Sarà un peccato non sentirlo, nel 2027, gridare “I’m a 70-years old man / What’re you gonna do about it?”, riadattando uno dei pezzi migliori di ‘Imperial Wax Solvent’, secondo molti l’ultimo grande disco dei Fall.
L’epitaffio lo lasciamo ovviamente a lui: “I used to be a psychic, but i drank my way out of it”.
(Carmine D’Amico)
MARK HOLLIS (4 gennaio 1955 – 25 febbraio 2019)
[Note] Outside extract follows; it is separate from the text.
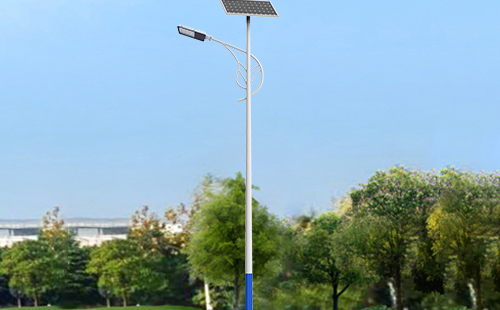 康乐太阳能路灯验收必看五大标准 康乐太阳能路灯验收必看五大标准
Le tracce di Mark Hollis si erano perse da oltre un decennio, eppure la notizia della morte, lo scorso 25 febbraio, ha preso tutti quanti alla sprovvista. In poche altre occasioni si era vista un’ondata tanto coinvolgente di messaggi di cordoglio e dimostrazioni d’affetto. A ben vedere è piuttosto facile dare una spiegazione a una reazione simile. Il percorso intrapreso da Mark con i suoi Talk Talk è stato tanto peculiare da coinvolgere al tempo stesso le (ex) teenager dai capelli vaporosi e ossigenati dei colorati anni ’80 e i più introversi appassionati cultori del post rock, i quali, in un viaggio a ritroso, hanno probabilmente scoperto che ben prima dei Mogwai e di album seminali come Hex dei Bark Psychosis c’erano stati “Spirit of Eden” e “Laughing Stock”. Dischi rivoluzionari che hanno fatto della dimensione meditativa, delle pause e dei silenzi una poetica dello scorrere del tempo; dischi che sono agli antipodi dell’attuale estetica dominante del tutto e subito e che riascoltati oggi svolgono quasi una funzione di mindfulness per l’anima. La grandezza della seconda parte di questa carriera non deve portare a sottovalutare la stessa capacità di Hollis nel confezionare anche singoli pop di pregevole qualità – tra cui le celeberrime “Such A Shame” e “It’s My Life” – che poco avevano da invidiare a quelli dei contemporanei Duran Duran con i quali condividevano tra l’altro lo stesso produttore (Colin Thurston). Nonostante sia rimasto sostanzialmente fuori dalle scene dal ’98, anno in cui venne pubblicato il suo unico splendido album solista, e fatta eccezione per alcune sporadiche collaborazioni con altri artisti in vari contesti, non possiamo escludere che Mark avrebbe riservato (assecondando i suoi tempi, magari tra dieci anni o chissà quando) ancora qualche altra inedita, spiazzante e singolare sorpresa delle sue.